### [TASK TO CARRY OUT]
Transcribe the stretch of entries below from the line with "Ta Mắc Kẹt Ở" through the line with "Wasserflasche Contigo Swish 500ml - Magenta", exactly and with both ends included; leave out all other lines.

Segment Start: INFORMATION PROVIDED

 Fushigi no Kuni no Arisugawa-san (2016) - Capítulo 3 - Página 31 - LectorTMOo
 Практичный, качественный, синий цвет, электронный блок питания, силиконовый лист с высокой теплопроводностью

Segment End: INFORMATION PROVIDED
Segment Start: INFORMATION PROVIDED

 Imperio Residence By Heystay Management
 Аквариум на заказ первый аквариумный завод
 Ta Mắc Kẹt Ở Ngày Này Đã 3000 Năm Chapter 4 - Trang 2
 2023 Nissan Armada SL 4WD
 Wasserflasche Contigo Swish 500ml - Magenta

Segment End: INFORMATION PROVIDED
Segment Start: INFORMATION PROVIDED

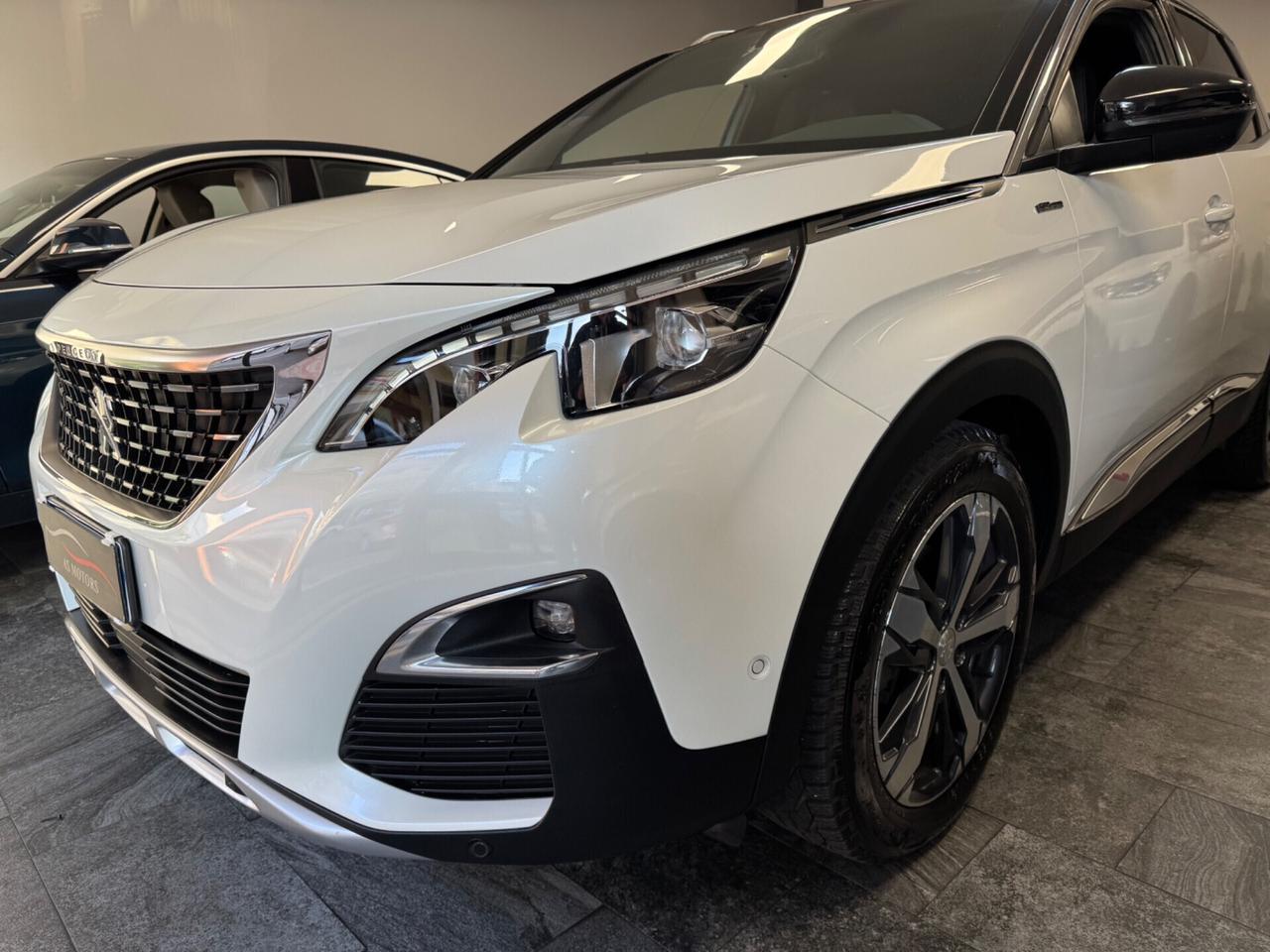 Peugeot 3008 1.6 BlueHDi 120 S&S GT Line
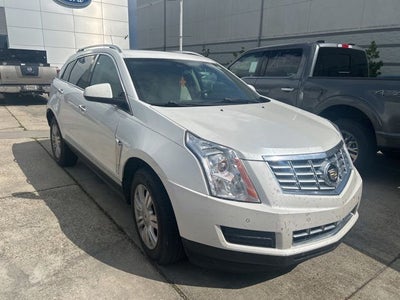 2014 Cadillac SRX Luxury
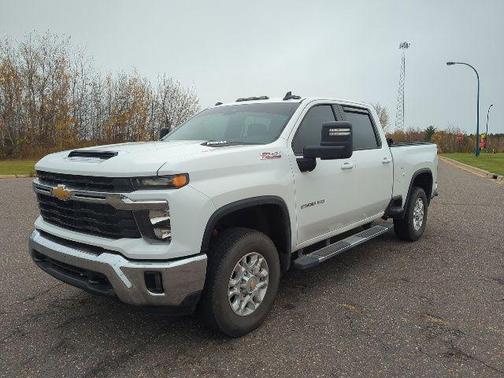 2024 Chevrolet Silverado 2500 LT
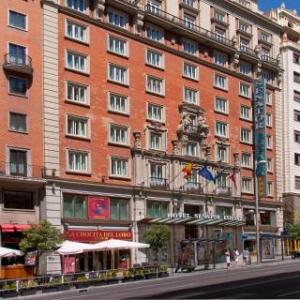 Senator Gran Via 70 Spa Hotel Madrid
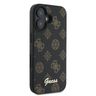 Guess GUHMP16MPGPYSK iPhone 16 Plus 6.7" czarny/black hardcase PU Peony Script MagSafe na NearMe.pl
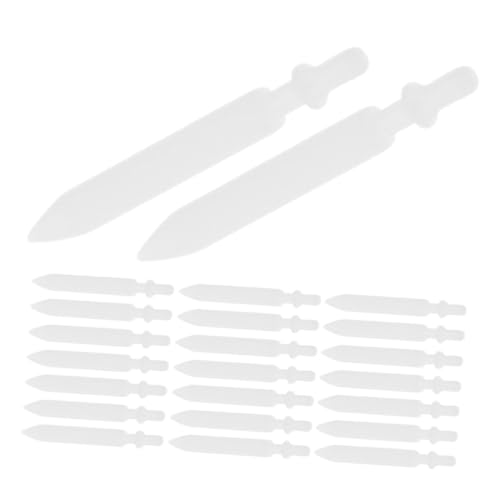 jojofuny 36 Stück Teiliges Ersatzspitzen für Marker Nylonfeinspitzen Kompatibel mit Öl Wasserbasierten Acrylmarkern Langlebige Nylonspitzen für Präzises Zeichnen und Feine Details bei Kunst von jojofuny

Segment End: INFORMATION PROVIDED

### [THE COMPLETED TASK]
 Ta Mắc Kẹt Ở Ngày Này Đã 3000 Năm Chapter 4 - Trang 2
 2023 Nissan Armada SL 4WD
 Wasserflasche Contigo Swish 500ml - Magenta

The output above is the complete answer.